(Update, July 30 - Now that the FPS cap has been fixed, I am shocked to note a more than 60% drop in performance in Wayland vs X11 using DXVK. Native OpenGL itself has seen a 15% reduction in performance in Wayland vs X. My previous results are invalid and I will have to run all the suites again to get a clearer picture of what is going on).
Having managed to get Wayland working properly on both Kubuntu and Neon after a weekend experiencing every problem posted here since the release of P6, it is time to benchmark and see which one is faster. The results are interesting in that they are not interesting.
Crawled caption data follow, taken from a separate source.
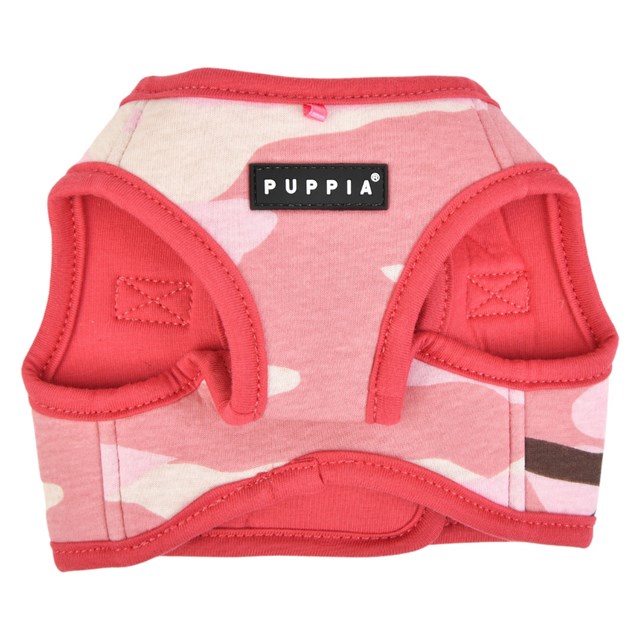 Puppia Lance Hundsele - Pink Camo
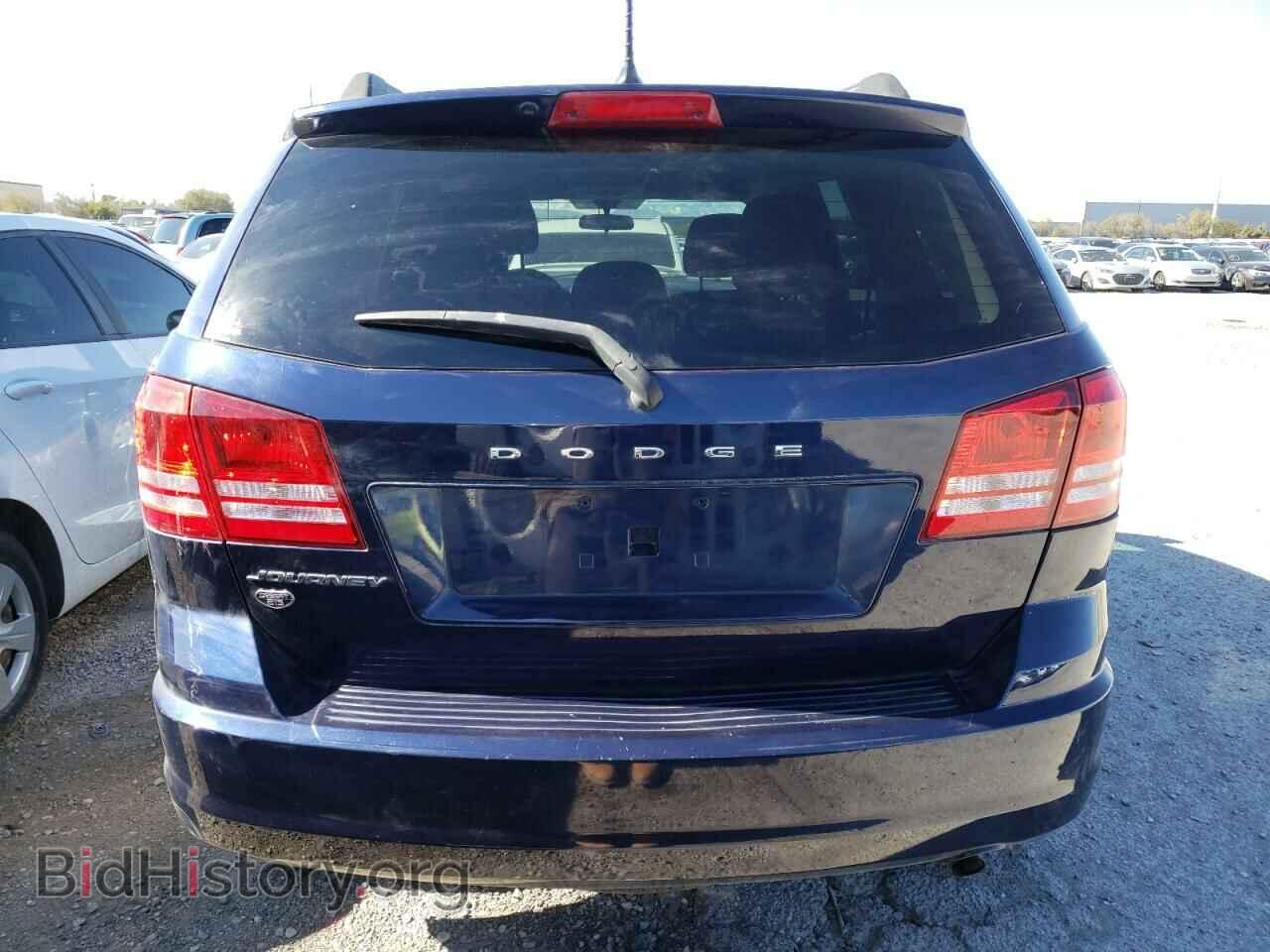 2017 DODGE JOURNEY - VIN: 3C4PDCAB7HT670213 - Фото 6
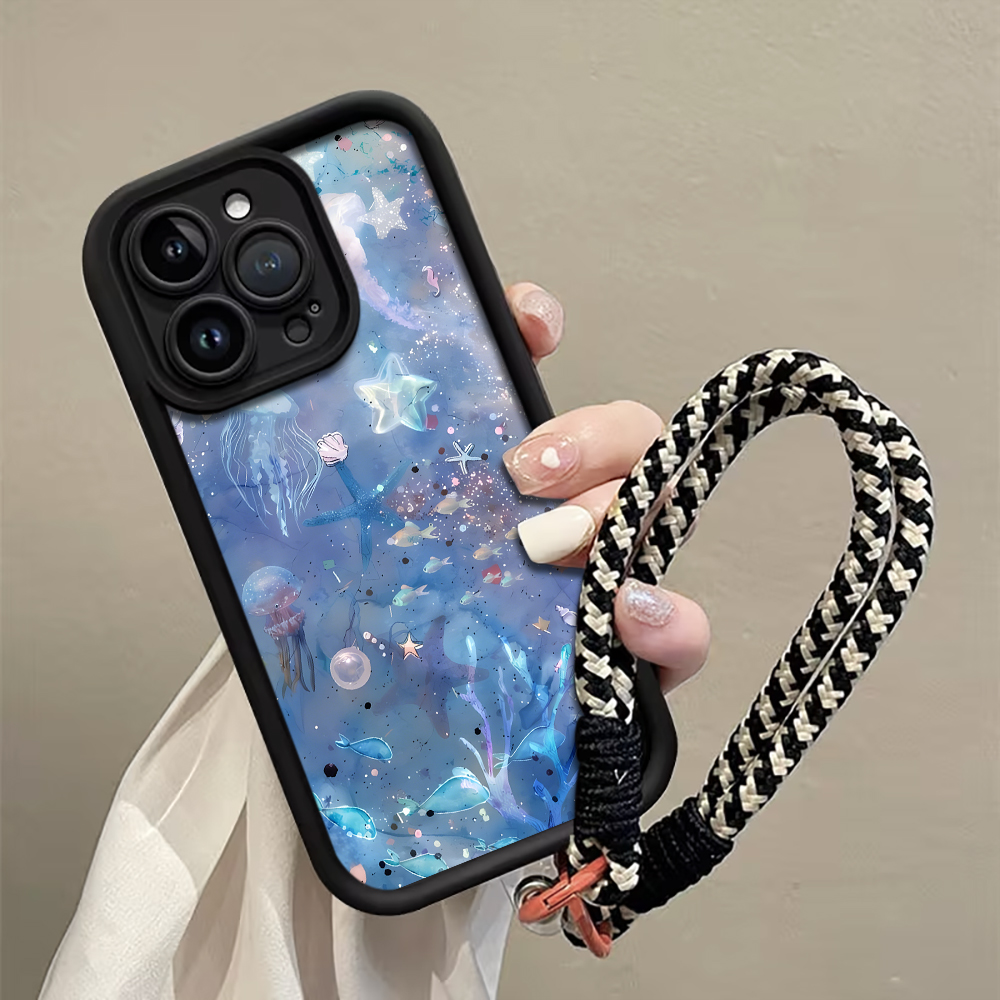 Phone Cases With Straps - Funda para Teléfono con Correa de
I benchmarked every form of rendering type: OpenGL, Vulkan, DXVK, VKD3D, Cuda, RT, and straight up CPU. The things in brackets () are the engine.
Due to some weirdness with Wayland imposing a 60 FPS caps on almost everything, I had to forgo most of my standard benchmarks as they all run well above 100fps and select only the heavy hitters that struggle to reach 60fps.
Results
DXVK - Fire Strike U 4k (3DM) - W:4666 vs X:4644
DXVK - Fire Strike E 2k (3DM) - W:8307 vs X:8471
DXVK - Fire Strike B 1k (3DM) - W10417 vs X 13330*
Vulkan - Spaceship (Unity) - W:51 vs X:56*
VKD3D - Cyberpunk 2077 (RedEngine) W:40.61 vs X:38.83
OGL - Superposition (Unigine) W:3708 vs X3546
Cuda - Indigo (Indigo) W:14.965 vs X:17.732
RT - EZBench (Unreal Engine 5.1) W:2734 vs X:2632
CPU - Cinebench (Cinema 4D) W:1310 vs X1298
(* these two are likely anomalies due to actually bumping into the FPS limit)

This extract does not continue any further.